Some of the defects on the paint








































































With the deep defects and the rock hard paint I settled on using a wool pad and Megs 105, this was then foll0wed up with Menz 302 on a polishing pad















































































































































































































Pillars corrected with Menz 203s and a polishing pad


















Paint was then refined with Menz 85rd












































































































Wheels were protected with a coat of Blackfire Metal Sealant and then this was topped with SV Autobahn wheel wax and tryes dressed with SV Pneu










SV Cleaner Fluid was applied/removed by hand to all paint including door shuts and then a coat of SV Best of Show as applied. This was left for about a hour whilst I cleaned and sealed the exhaust, cleaned the windows and dressed the front grill with 303 Aerospace.

Few afters












































































































And a Before & After of the car


















Thanks for looking


----------



## Amused (Nov 22, 2009)

I always enjoy reading your write ups. Great clean up as usual!
I can't recall ever seeing such uniform swirling in my life...can't tell if that took skill or just from sheer volume of swirling 

- Jason


----------



## -tom- (Jan 27, 2009)

that looks stunning


----------



## dooka (Aug 1, 2006)

The finished shots are just stunning..
Great job, nice write up..
Great tyres, just pants in the wet/winter ..

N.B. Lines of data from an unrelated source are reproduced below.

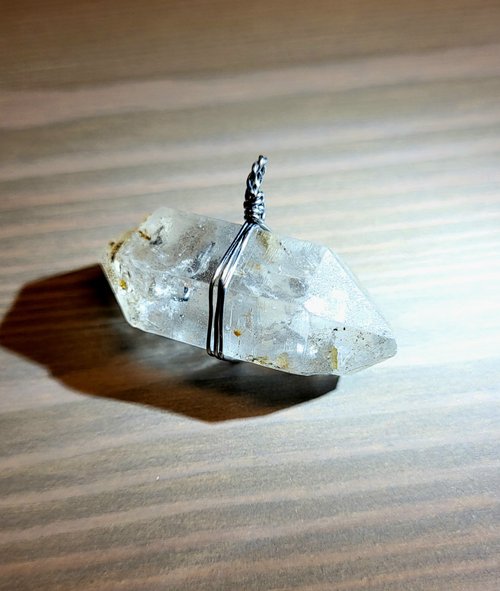 嵐森林水晶工作室 •水晶燈• 極簡 繞線天然骸骨×雙尖水晶 閃靈水晶原礦吊墜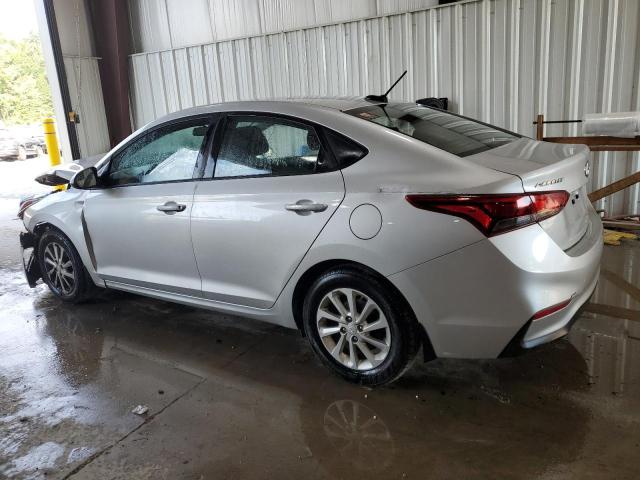 3KPC24A35JE035312 - 2018 HYUNDAI ACCENT SE Gümüş fotoğraf 2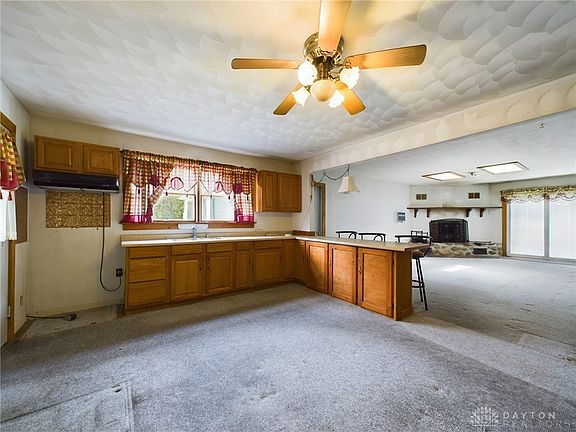3rd image of 718 Gray Ave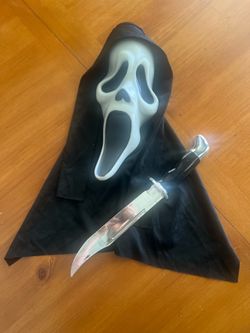 Scream Ghostface Mask and Prop Knife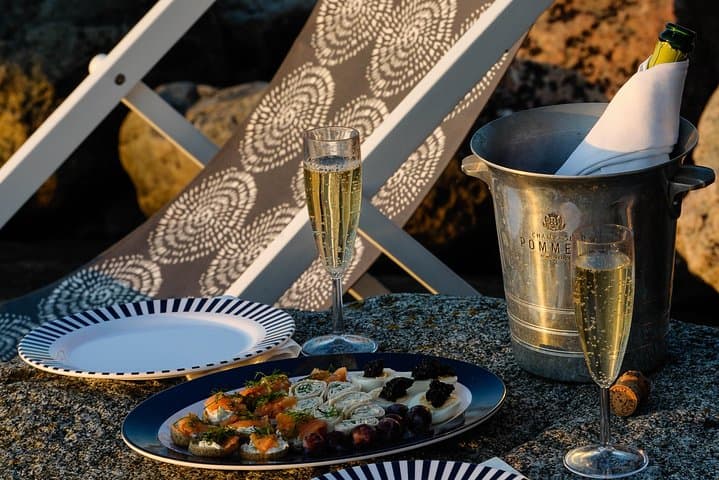 Redrib sunset lounge experience 3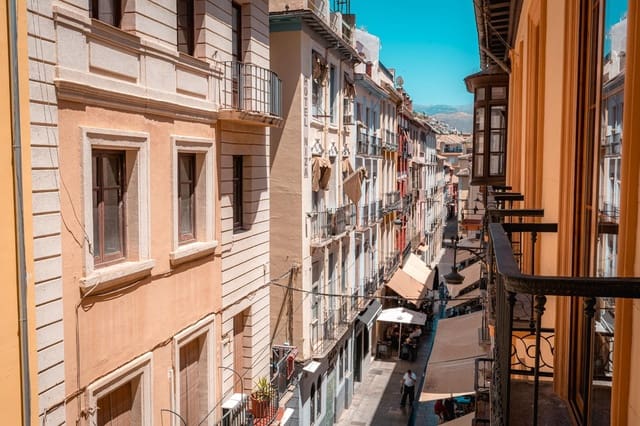 1 slaapkamer Flat te koop in Centro, Granada stad - € 260.000 (Ref: 9804591)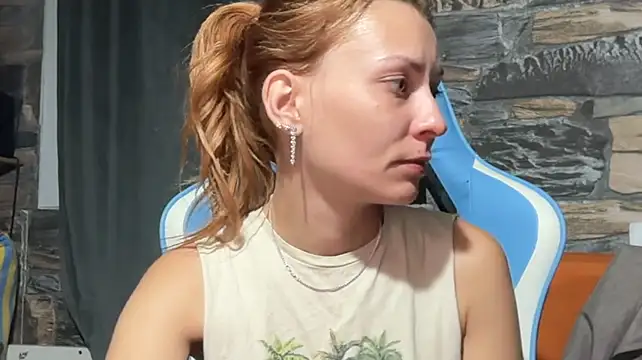 karo123421's Live XXX Chat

these pictures make me even more pleased about my recent SW order, some BOS in there, but no cleaner fluid, this will have to be next I think..


----------



## Jorge (Oct 12, 2009)

That "Gloss" is simply amaizing! :doublesho

Fantastic! :thumb:

Best regards,

Jorge


----------



## ant_s (Jan 29, 2009)

the before and after look amazing, its obvious in write-ups that the car has changed, but its nice to see a near identical shot, with the same lighting before and after to show the different look to the car, looks much much better now!


----------



## Edward101 (Jun 5, 2009)

Phenomenal gloss in the final pics, stunning work :thumb:


----------



## mass (Aug 16, 2007)

You got skillz mate!!!! I bet the owner was well happy with that!!!!


----------



## ashman (Jan 13, 2010)

Good christ them afters are fantastic. Some of the best ive seen. Really, really deep. Looks awesome mate. 

Top work jay


----------



## Moby (Apr 13, 2010)

Amazing turn around... I was just wondering what did u use to apply the menz 85RD?


----------



## SimonBash (Jun 7, 2010)

looks brilliant, undecided on the wheel colour change but car looks superb now. great write up.


----------



## scoob666 (Mar 15, 2009)

jaw dropping reflections :thumb:


----------



## Auto Detox (Dec 22, 2007)

Awesome Jay 

Baz


----------



## John-Cupra_TDI (Apr 13, 2009)

Awesome work! Always loved Gti's in that colour. Refurb'd wheels finish it off nicely.


----------



## ryanuk (Jun 22, 2007)

wow!!!!! that is stunning...................


----------



## SubtleAggressiv (Jul 17, 2010)

Great work, so impressed with how it turned out. You must teach me lol


----------



## TurbochargedJJ (Dec 10, 2009)

that looks stunning!!! nice work!


----------



## ALANSHR (Jun 29, 2007)

Huge improvement and a great finish by you, well done.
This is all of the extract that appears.